Honey has well-described anti-inflammatory activity, and these effects were further evaluated in the RAW 264.7 murine macrophage/LPS/IFN–γ model. Undigested, MAN (UMF15+) had the best anti-inflammatory activity, with the Fynbos honeys having similar activity. Solutions of 1% undigested samples of MAN (UMF15+) (p < 0.01) and the gastric and gastroduodenal digests of FB5 (p < 0.001, p < 0.01) and FB6 (p < 0.01, p < 0.05) effectively scavenged NO (Table 2 (b)). Compared with undigested honey, NO scavenging was significant for MAN (UMF15+) after gastroduodenal digestion (p < 0.05) and FB5 after gastric digestion (p < 0.05). These results confirm the anti-inflammatory activity of undigested MAN (UMF15+) and identify FB5 and FB6 as honeys with strong anti-inflammatory activity postdigestion. The pH 2 and pH 7 samples had similar activity to the GD and GDD samples, respectively. In both the proinflammatory and anti-inflammatory experiments, the 1% samples were not cytotoxic as determined with the MTT assay (data not shown).

Anti-inflammatory activity related to a reduction in NO levels in the RAW 264.7 murine macrophage/LPS/IFN–γ model can be the result of direct NO scavenging or iNOS inhibition. The ability of the samples to reduce NO formed from SNP as a measure of direct NO scavenging was then determined (Table 2 (c)). Undigested MAN (UMF15+) (p < 0.0001), FB1 (p < 0.01), FB2 (p < 0.05), and FB6 (p < 0.05); the gastric digests of MAN (UMF15+) (p < 0.0001), FB1 (p < 0.01), and FB6 (p < 0.01); and all the gastroduodenal digests effectively scavenged NO (p < 0.05–p < 0.001). The best NO scavenging activity was seen in the undigested MAN (UMF15+) and FB1 samples. Following GD, all honeys had similar scavenging NO activity that was increased following GDD. This confirms that the anti-inflammatory effects of MAN (UMF 15+) are due to NO scavenging but also identifies FB1, FB2, and FB6 as honeys with strong direct NO scavenging activity.

4. Discussion

In this study, the effects of GIT digestion on the antioxidant and inflammatory properties of Fynbos honey were determined and compared with manuka honey. All parameters were similar except that MAN(UMF15+) was darker, and a higher polyphenol content was confirmed. The TPC of MAN (UMF15+) was 119.42 ± 13.94 mg GAE/100 g, within the range of 63.85 mg GAE/100 g, 103.99 mg GAE/100 g, 217 mg GAE/100 g, and 203 mg GAE/100 g reported for Comvita®, New Zealand [33], manuka MGO 250 and 400 [34], and Pure Gold Active 18+ manuka honey [35]. For all FB honeys, the TPC of each honey was significantly less than that of MAN (UMF15+).

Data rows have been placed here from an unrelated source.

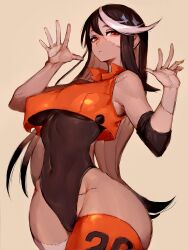 1girl ado_(utaite) black_leotard character_request copyright_request dark-skinned_female dark_skin elbow_pads fumio_(rsqkr) halloween highres leotard long_hair numbered open_hands orange_eyes orange_shirt orange_thighhighs romero_(ado) shirt show_(ado) single_elbow_pad single_thighhigh stitched_arm stitched_hand stitched_leg stitches thighhighs zombie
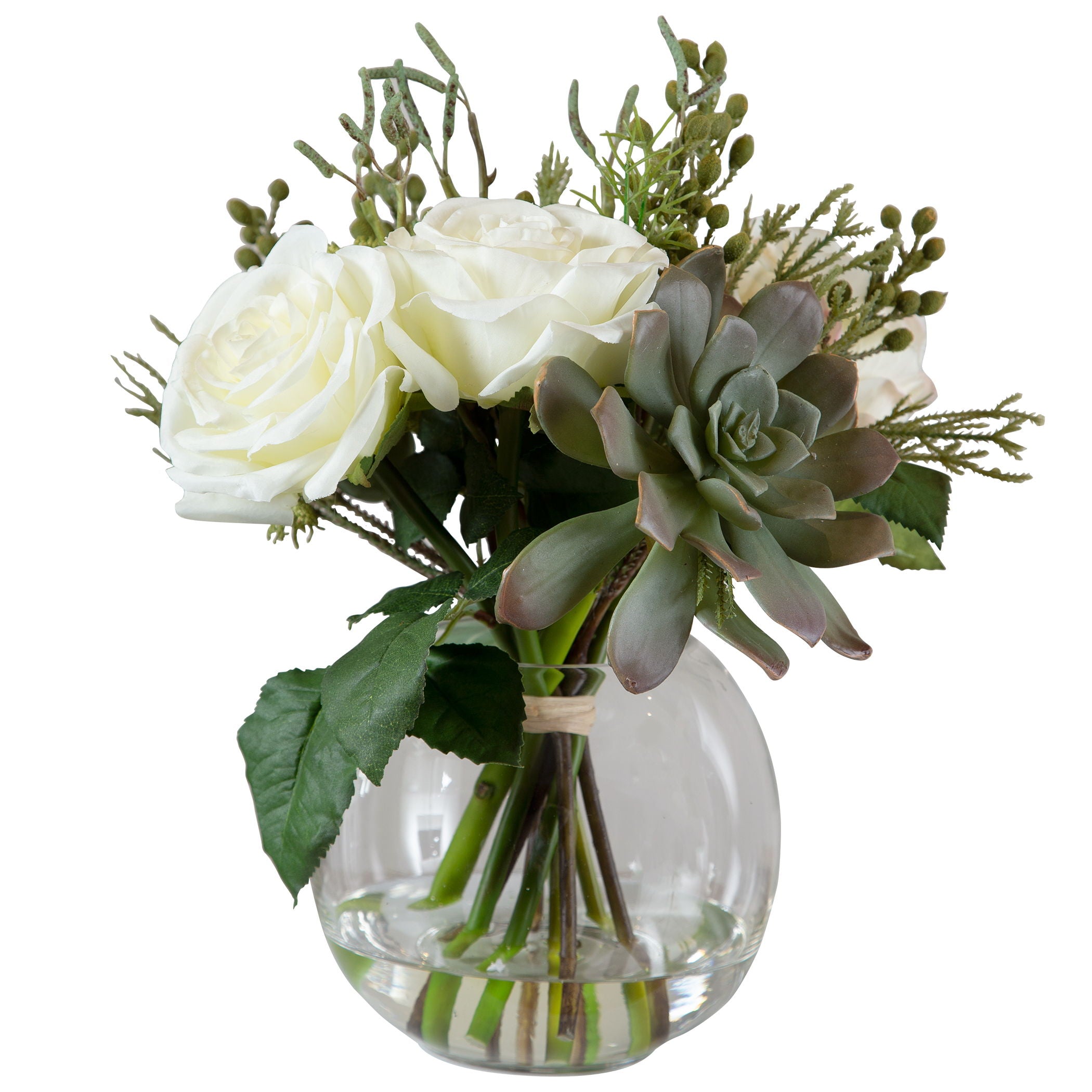Belmonte Floral Bouquet with Green Vase - Fresh Artificial Flowers for Home Decor, Wedding Centerpieces & Gift Ideas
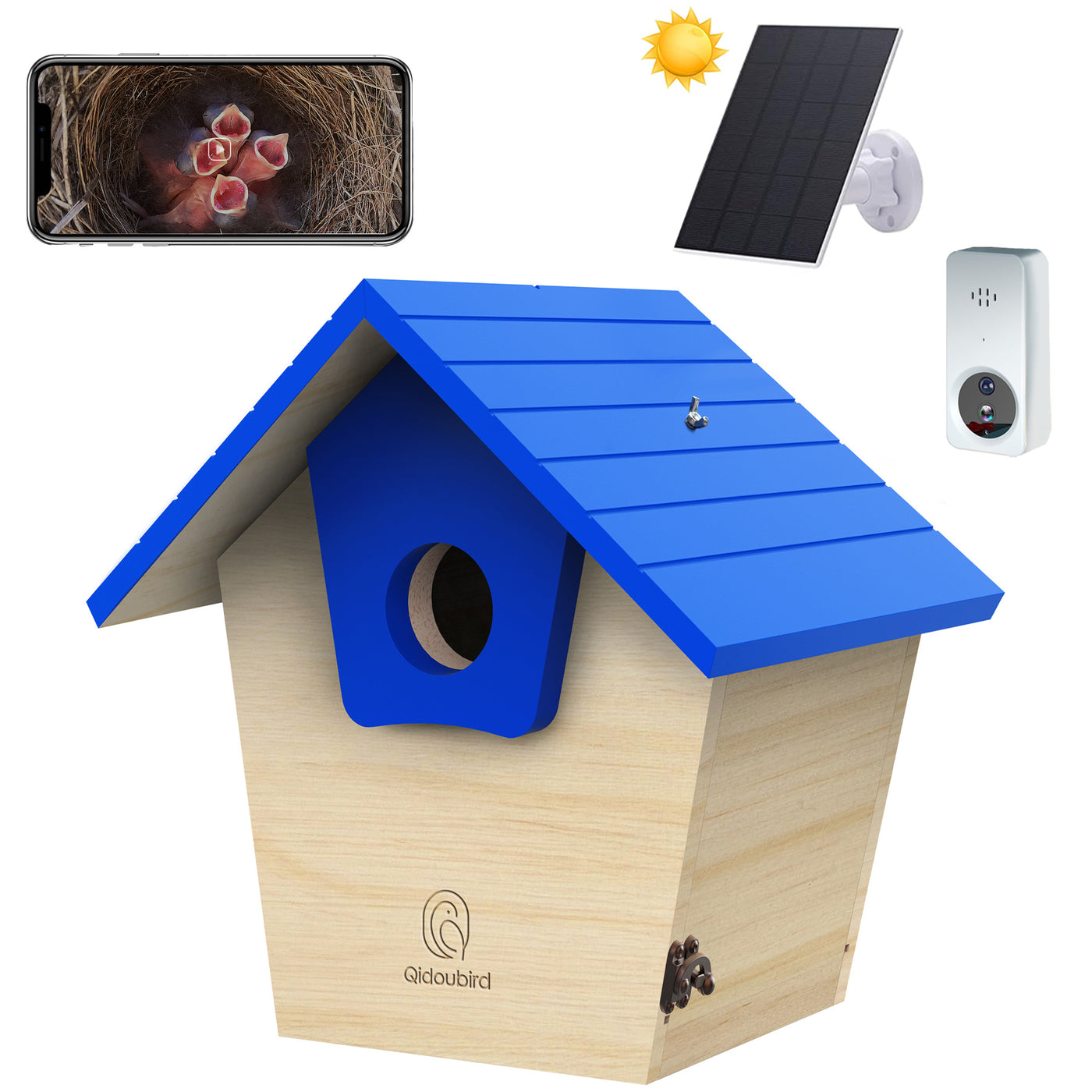 Smart Bird House with AI Identify Camera 2K HD Birdhouse Camera Solar Powered Wood Birdhouse 2.4G WiFi App to Observe Bird Activities in Real Time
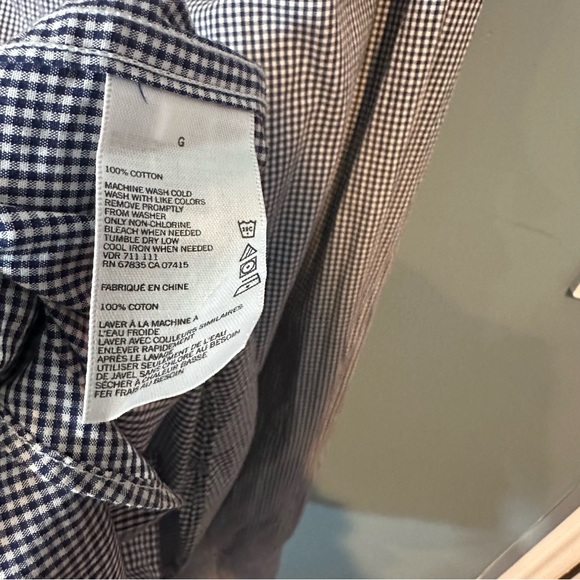 Nautica Navy Blue/White Checkered Gingham Long Sleeve Collared Button Up Shirt - Picture 5 of 7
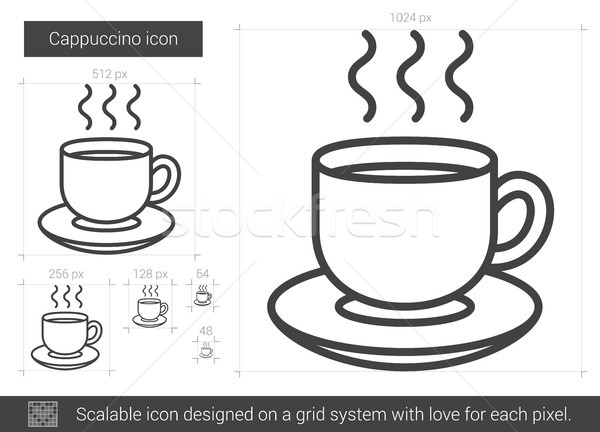 Cappuccino line Symbol Vektor isoliert weiß Stock foto © RAStudio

In the present study, gastric and duodenal digestion of 0.5 h and 1 h, respectively, significantly reduced the TPC of MAN (UMF15+) to a %BA of 68.8%. O'Sullivan et al. [7] reported no significant change in the TPC of MAN (UMF 5+), following a simulated 1 h gastric and 2 h duodenal digestion. In contrast, Cianciosi et al. [36] reported that after gastric and subsequent duodenal digestion of 2 h each, the TPC of MAN (UMF15+) was reduced from 1.270 to 0.203 mg GAE/g (%BA of 15.98%). Differences in the reported %BA between studies can be attributed to the digestion times. In humans, Koziolek et al. [37] evaluated the transient times under fasted-state conditions. For the stomach, this was 7–202 min (median = 30 min), and for the small intestine, it was 67–533 min (median = 247 min); therefore, digestion times used in the present and other in vitro studies are within range and still physiologically relevant.

For Fynbos honey subjected to simulated gastrointestinal digestion for the TPC, the %BA was 87.1 ± 27.0%, and differences compared with MAN (UMF15+) were significant for FB2, FB3, FB4, and FB5. In contrast, the reported TPC of Irish, Tesco, and Lidl honey was unchanged after gastrointestinal digestion [7]. However, Seraglio et al. [2] reported that for three honeydew blends, the TPC as %BA was reduced to 74.18%, 65.74%, and 41.06% for the Urupema, Urubici, and Lages blends. Besides digestion times, factors further contributing to variability are the source, processing, polyphenol composition, and honey type.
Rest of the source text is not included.